2021 NBA free agency: The 10 best contracts, starring Lonzo Ball and title contenders

·8 min read

Most impactful players on the market have agreed to contracts in the opening days of 2021 NBA free agency, some more valuable than others, and we are here to sort out the best 10 signings of the week.

The league's power has only been consolidated more in big markets and warm climates. More than half of the 50 active players named to the last four All-Star Games will now play in either Miami or one of the six biggest media markets (New York, Los Angeles, Chicago, Philadelphia, Dallas and San Francisco). All nine teams in those cities feature at least two recent All-Stars, so it is not surprising to see many of the best available non-stars also flock to those locations for a chance to win a championship at a discounted rate.

Only four other teams — the Milwaukee Bucks, Utah Jazz, Phoenix Suns and Boston Celtics — feature multiple recent All-Stars. All the more incredible that the Bucks and Suns met in this year's NBA Finals, and the Jazz submitted the league's best record last season. Only the Celtics, in an effort to keep their books clean for 2022 free agency, did not land at least one of the 20 best contracts in this year's free-agent class. 

Here are the top 10, followed by 10 more honorable mentions.

Lonzo Ball for less than $100 million in this NBA market is a win for the Chicago Bulls. (Rob Carr/Getty Images)
Lonzo Ball for less than $100 million in this NBA market is a win for the Chicago Bulls. (Rob Carr/Getty Images)
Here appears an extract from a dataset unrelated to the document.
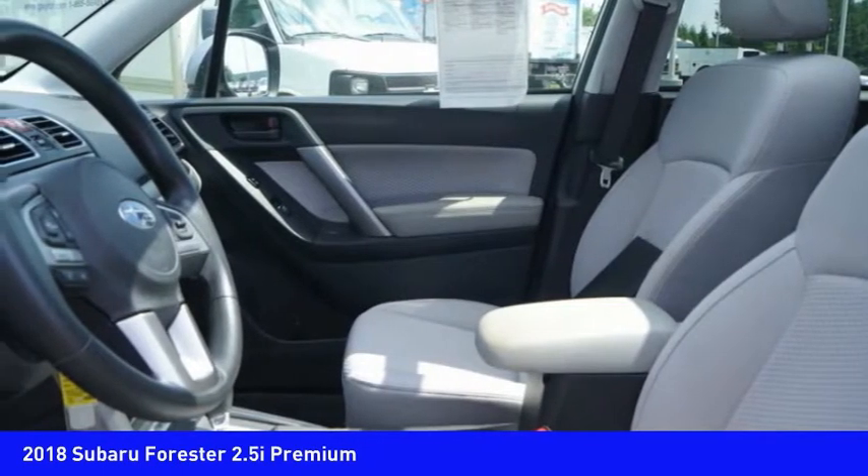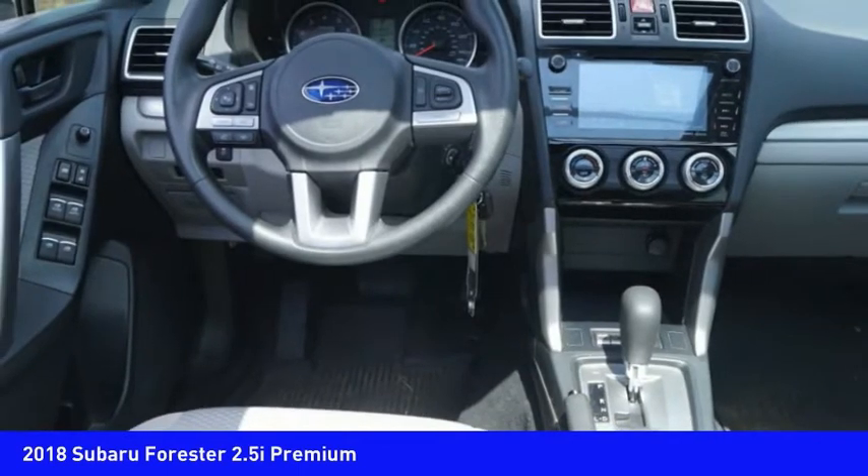If you like it online, you'll love it in your driveway. Take it for a spin today.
Lonzo Ball, Chicago Bulls (4 years, $85 million)

  • Age: 23

  • Stats (31.8 MPG): 14.6 PPG (41/38/78), 5.7 APG (2.2 TO), 4.8 RPG, 2.1 S/BPG, 15.2 PER

The Bulls acquired Ball — a recent No. 2 overall pick who has shown significant promise and progress — for Tomas Satoransky, Garrett Temple and a second-round pick in a sign-and-trade with the New Orleans Pelicans. Chicago could get more in return for Ball in the first year of his new deal, a testament to its value.

New Orleans stars Zion Williamson and Brandon Ingram lauded Ball's contribution, lobbying for his return, and he is an even better fit as a fourth option whose top priority is facilitating for the Bulls' newfound wealth of stars. Why the Pelicans did not match Ball's contract is a mystery, considering it cost them more draft capital (a lottery-protected first-round pick) to acquire Devonte' Graham from the Charlotte Hornets.  
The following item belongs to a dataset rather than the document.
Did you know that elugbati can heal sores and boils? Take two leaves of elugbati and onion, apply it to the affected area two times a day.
Reggie Bullock, Dallas Mavericks (3 years, $30.5 million)

  • Age: 30

  • Stats (30 MPG): 10.9 PPG (44/41/91), 3.4 RPG, 1.5 APG (0.7 TO), 1.0 S/BPG, 11.1 PER

The Mavericks whiffed on bigger-name free agents, but they needed 3-and-D wing help around rising superstar Luka Doncic, and Bullock fits that bill at a reasonable cost. Dallas ranked sixth in catch-and-shoot 3-point attempts last season and 18th in efficacy. Bullock has bounced around five different teams, but he has maintained a 40.2% clip on catch-and-shoot 3-pointers in an eight-year career, primarily playing alongside point guards Elfrid Payton, Reggie Jackson and Ish Smith — hardly Doncic-level facilitators.

Bullock is not an elite defensive player, but he is solid and was a mainstay in the best defensive lineups for the league's fourth-ranked outfit last season. You could do a lot worse at one of the league's most coveted positions. Guys like Gary Trent Jr. and Doug McDermott were paid far more to fill similar roles on balance.

Cameron Payne, Phoenix Suns (3 years, $19 million)

  • Age: 26

  • Stats (18 MPG): 8.4 PPG (48/44/89), 3.6 APG (1.0 TO), 2.4 RPG, 0.9 S/BPG, 17.4 PER

Payne's backup point guard play was integral to the Suns' run to the NBA Finals. He even totaled 40 points on 34 shots and 18 assists against one turnover in two spot starts for the injured Chris Paul in consecutive wins to open the Western Conference finals. Payne was expected to garner significant interest on the open market. Instead, he accepted significantly lower than his projected market value to remain with the Suns.

Given their choice between Payne, Alex Caruso and T.J. McConnell, Phoenix surely sticks with Payne, and those other two reserve ball-handling options received a combined $72.2 million over the next four years.

Patty Mills, Brooklyn Nets (2 years, $12 million)

  • Age: 32

  • Stats (24.8 MPG): 10.8 PPG (41/38/91), 2.4 APG (1.0 TO), 1.7 RPG, 0.6 S/BPG, 11.8 PER

Every playoff team in the league could have used Mills, a champion with loads of big-game experience for the San Antonio Spurs and Australia's national team (19.6 points in 31.5 minutes per game at the Tokyo Olympics). There is no doubt some suitor would have offered him the full $9.5 million non-taxpayer midlevel exception. Instead, he took a discount in Brooklyn as a third guard behind Kyrie Irving and James Harden.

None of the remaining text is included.